The bus passed us as we were climbing the last hill. We arrived as the passengers were disembarking, and Ed spotted a fellow who had worked down the hall from him at Ford Motor Company! I asked which one, but Ed wouldn't tell me because he said he couldn't remember the man's name. Likely story from an antisocial hermit crab! I decided I wanted to meet these people. I knew the man couldn't possibly recognize Ed with his full beard, bushy hair, and tattered shorts. So we joined the tourists, half-listening to the guide, and carrying on the argument in an undertone. We walked ahead to the lookout at the top of the hill. I shed a few tears (ineffectual). I threatened to go up to each man and ask him if he worked at Ford. Ed was getting angry, and I was working on a good pout when the group reached our spot. A woman approached Ed, asking him to take a picture of her and her husband. When Ed was returning the camera, he asked, "Are you the Lovelace's from Detroit?" I got to meet them after all. We had a nice chat through the rest of the tour. They even took a picture of us.
We stood and waved as everyone climbed back on the bus. As Ed turned and headed back up to the ruins, the tour guide looked at us, pointed down the hill, and said, "Home is that way." I gave him a big smile. I'm sure people wonder about us as we wander around with no vehicle, no group of people, and no guide. We then had the ruins to ourselves, with the exception of one workman with a shovel, who was cleaning the cow dung off the trails. Cows obviously have no respect for historic sites.
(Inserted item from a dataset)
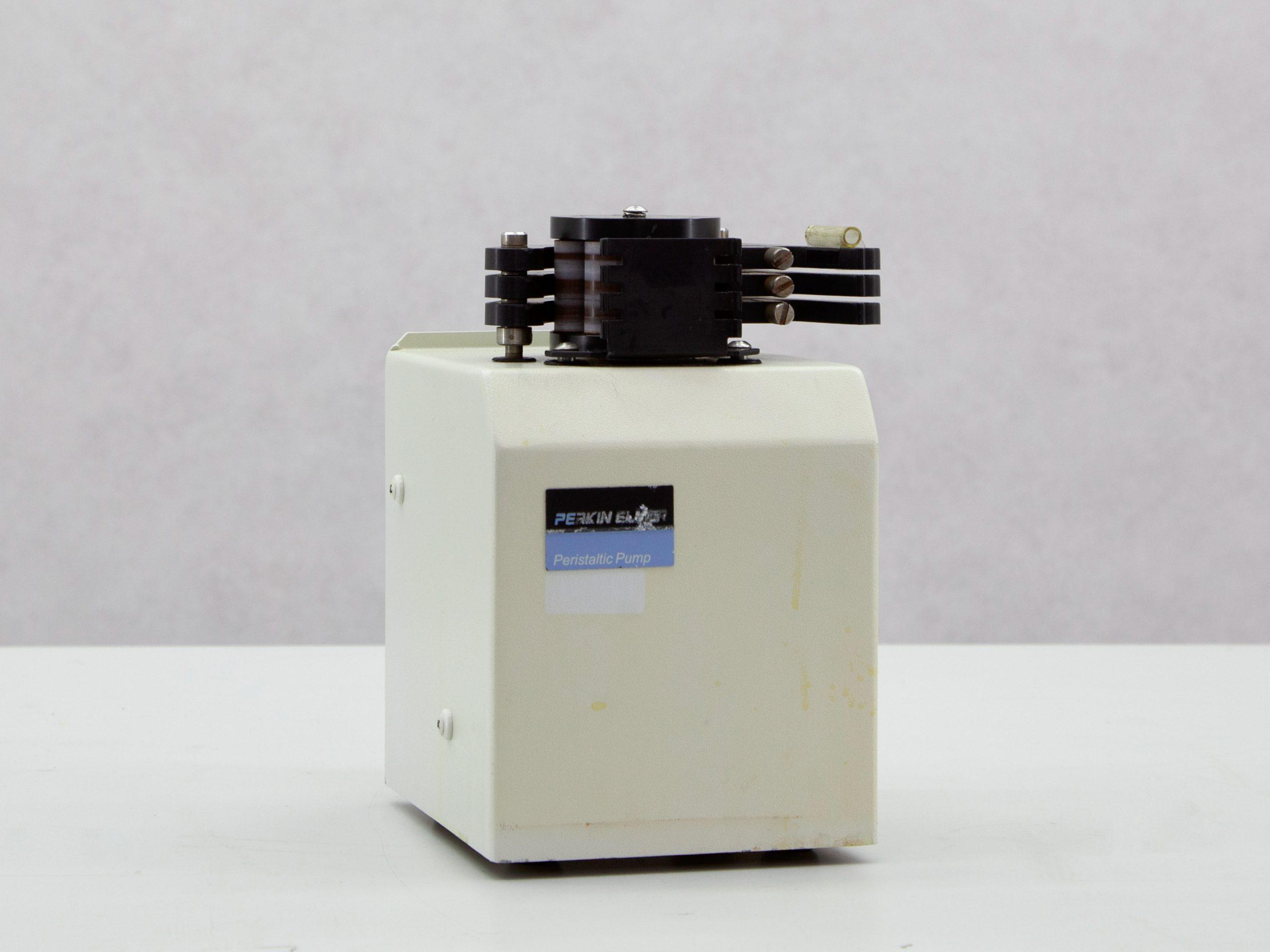 PerkinElmer Optima 3 3-Channel Peristaltic Pump for ICP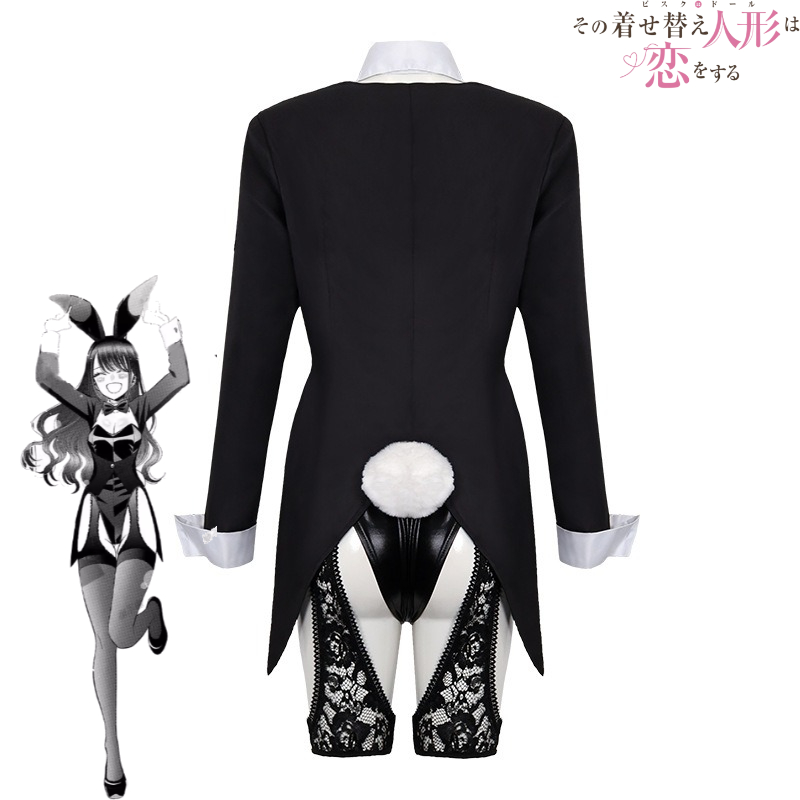 Disfraz de Cosplay de My Dress - Anime Marin Cosplay reseña y precio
St. Francis Bay was followed by a few days at Leinster Bay. Though it was, once again, only a short hop from our last anchorage, we felt like sailing. We went by way of a circumnavigation of Jost Van Dyke, a large island to the north of St. John. It was an eight-hour trip, and we anchored in Leinster Bay just before dark. In two weeks, we had managed to work our way around about a quarter of the small island of St. John.